Last year, the abandonment of Landmark’s GoCad-based Power Model left Landmark without a credible 3D modeler. Today, a generic topology engine for 3D modeling has been added to GeoProbe along with enhancements for fault and horizon clean-up and editing. At the SEG later this year, Landmark plans to show more structural validation tools. The upcoming Geoprobe 5.0 release will offer native OpenWorks data access. Oilware’s Log Index Agent builds a catalog of well log data by spidering directory structures and indexing log data down to individual curve level. Standard header images are produced and duplicates flagged. Perigon’s iPoint subsurface data viewer allows drag and drop montage building from data sources such as borehole data, cores, logs and FMS imagery – drawing data from OpenWorks, Finder or other data sources. GateWayPlus, an ArcGlobe-based data browser adds 3D visualization to PetroWeb’s GateWay Plus offers unified access to the main online seismic data vendors, now through an ESRI ArcGlobe interface which is claimed to be an ‘effective way to locate 2 and 3D surveys in remote regions of the world.’ In house, proprietary data can be layered over public data sets. GatewayPlus provides large scale plotting, multiple map projections, local data support and spatial filtering. Reservoir Visualization is turning well logs to 3D ‘seismics,’ transforming large (>1,000) well data sets into 3D volumes that can be interpreted using standard workstation packages.
Melanie McQuinn, IHS Energy, notes that clients tend to want to populate their databases with ‘successes.’ But failures often tell an important part of the story. McQuinn advocates building datasets from all available sources. Here, metadata is the key. IHS has defined globally-valid metadata which will be available in a new ArcMap 9.1-based IHS product aimed at power users.

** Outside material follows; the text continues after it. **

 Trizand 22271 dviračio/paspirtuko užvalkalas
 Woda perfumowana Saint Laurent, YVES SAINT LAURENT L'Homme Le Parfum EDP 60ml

Pete Stark described how IHS Energy has ‘re-tooled’ its query technology to take advantage of modern data mining and GIS. A parameter-driven spatial query searched 1 million wells penetrating the Barnett shale and retrieved 210 wells with shows.
Lori Hathon unveiled Shell’s computer assisted petrography (CAP) technique, an image analysis system collection and storage of thin section data. CAP measures particle geometry and can be used to estimate acoustic and physical rock properties.